In light of the Seventh Circuit's decision, there is no enforceable agreement to interpret. Under the doctrine of comity, Indiana courts are bound to help enforce the laws of other jurisdictions unless such enforcement would result in a violation of Indiana law or injury to local citizens. See Burke v. Burke (1993), Ind.App., 617 N.E.2d 959, 962. The primary goal behind the doctrine of comity is the promotion of good will between jurisdictions and uniformity of decision. Id. It is to advance this goal that we
give preference to such principles and methods of procedure as shall serve to conciliate the distinct and independent tribunals of the state and the Union, so that they may co-operate as harmonious members of a judicial system, coextensive with the United States, and submitting to paramount authority of the same Constitution, laws, [and] federal obligations.
Reconstruction Finance Corporation v. Zimmerman, 76 F.2d 313, 316 (4th Cir.1935).
Accordingly, the Agreement at issue here is unenforceable by order of the Seventh Circuit and we therefore dismiss. We will reserve, for a more appropriate time, decision *133 on the question of whether other restrictions on advertising, consistent with the Sherman Act, might offend our Rules of Professional Conduct.

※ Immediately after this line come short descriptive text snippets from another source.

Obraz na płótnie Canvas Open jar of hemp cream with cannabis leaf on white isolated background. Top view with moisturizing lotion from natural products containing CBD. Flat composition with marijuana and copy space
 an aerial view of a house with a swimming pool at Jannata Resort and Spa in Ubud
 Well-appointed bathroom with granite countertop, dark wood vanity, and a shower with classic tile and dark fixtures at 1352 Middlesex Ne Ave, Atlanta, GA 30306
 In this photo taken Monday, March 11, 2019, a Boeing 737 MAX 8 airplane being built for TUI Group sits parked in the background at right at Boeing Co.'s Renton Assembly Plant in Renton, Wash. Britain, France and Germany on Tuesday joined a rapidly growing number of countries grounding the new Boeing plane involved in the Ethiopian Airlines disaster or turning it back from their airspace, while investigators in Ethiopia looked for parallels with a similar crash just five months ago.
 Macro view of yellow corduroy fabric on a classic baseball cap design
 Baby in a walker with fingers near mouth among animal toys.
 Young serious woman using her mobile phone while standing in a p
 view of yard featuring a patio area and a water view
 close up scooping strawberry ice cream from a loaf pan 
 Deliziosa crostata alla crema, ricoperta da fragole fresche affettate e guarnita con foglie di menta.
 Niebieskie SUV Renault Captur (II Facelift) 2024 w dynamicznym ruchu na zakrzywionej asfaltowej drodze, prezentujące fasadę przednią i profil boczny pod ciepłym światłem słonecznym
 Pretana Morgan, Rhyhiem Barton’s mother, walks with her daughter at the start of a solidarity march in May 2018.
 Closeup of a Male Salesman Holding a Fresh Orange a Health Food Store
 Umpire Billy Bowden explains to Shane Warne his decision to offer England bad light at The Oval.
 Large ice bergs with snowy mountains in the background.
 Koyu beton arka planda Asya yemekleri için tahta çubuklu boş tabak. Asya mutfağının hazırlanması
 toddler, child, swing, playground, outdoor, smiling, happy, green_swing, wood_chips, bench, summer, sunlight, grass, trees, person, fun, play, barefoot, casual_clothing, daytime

SHEPARD, C.J., and DeBRULER, DICKSON, and SULLIVAN, JJ., concur.
NOTES
[1] Indiana's Rule of Professional Conduct 5.6 provides:
A lawyer shall not participate in offering or making:
(a) a partnership or employment agreement that restricts the rights of a lawyer to practice after termination of the relationship, except an agreement concerning benefits upon retirement; or
(b) an agreement in which a restriction on the lawyer's right to practice is part of the settlement of a controversy between private parties.